Bishop Eleganti: Not everything attributed to the Council, its spirit, and its intentions is accurate. All of this would need to be examined in detail. I do not see a direct, thick line from the Council documents to Evangelii Gaudium — at most, a very thin one. Pope Francis had his own understanding of key conciliar terms such as “People of God,” “mission,” “collegiality” (synodality), “involvement of lay people,” “ecumenism,” and “interreligious dialogue and unity.” The historical context of Evangelii Gaudium is different. This Council is overrated. It was actually only intended to be pastoral. But now people act as if it were a matter of supreme, binding dogma.

The current Synodality constitutes a subversive act against the ecclesiastical-sacramental teaching and leadership office of bishops and priests, which was taken over from the Apostles. It is nothing less than a Protestantization (“Anglicanization”) of Church leadership based on the universal priesthood of all the baptised.

This past summer, you released a powerful text against synodality, which “has not awakened love for Jesus Christ in a single soul,” you argue. Instead, you exhort the Church to “[p]roclaim the Gospel for the sake of Christ’s love! Proclaim Christ to a Europe that has turned away from Him! Proclaim Christ to a world that is apocalyptic and constantly waging new wars! Talk about Jesus Christ instead of synodality!”

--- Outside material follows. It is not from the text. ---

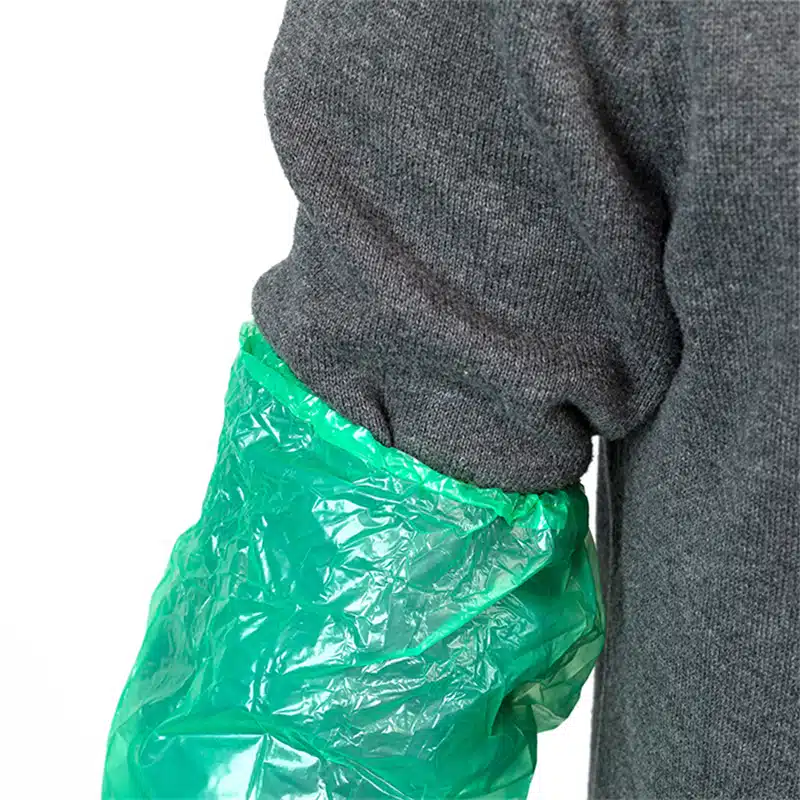 Hand made disposable PE sleeve cover - Imagem 3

Interestingly, the Synod on Synodality’s final document (n. 5) states that “the entire synodal journey took place in the light of the conciliar Magisterium. The Second Vatican Council was indeed like a seed thrown onto the field of the world and the Church. … The Synod 2021-2024 continues to draw upon the energy of that seed and develop its potential….”

Do you agree that the so-called “synodal path” is essentially a continuation of Vatican II?

Bishop Eleganti: No, I don’t agree with that. One tries to reinterpret the conciliar concepts of collegiality and “communio” unlike how the Council Fathers understood it, in the direction of today’s synodality. The post-conciliar synods were synods of bishops intended to support the papal magisterium through the collegiality of the bishops with and under Peter (una cum Petro et sub Petro). It’s not the anti-hierarchical equality of all the baptized and control of the bishops by majority votes.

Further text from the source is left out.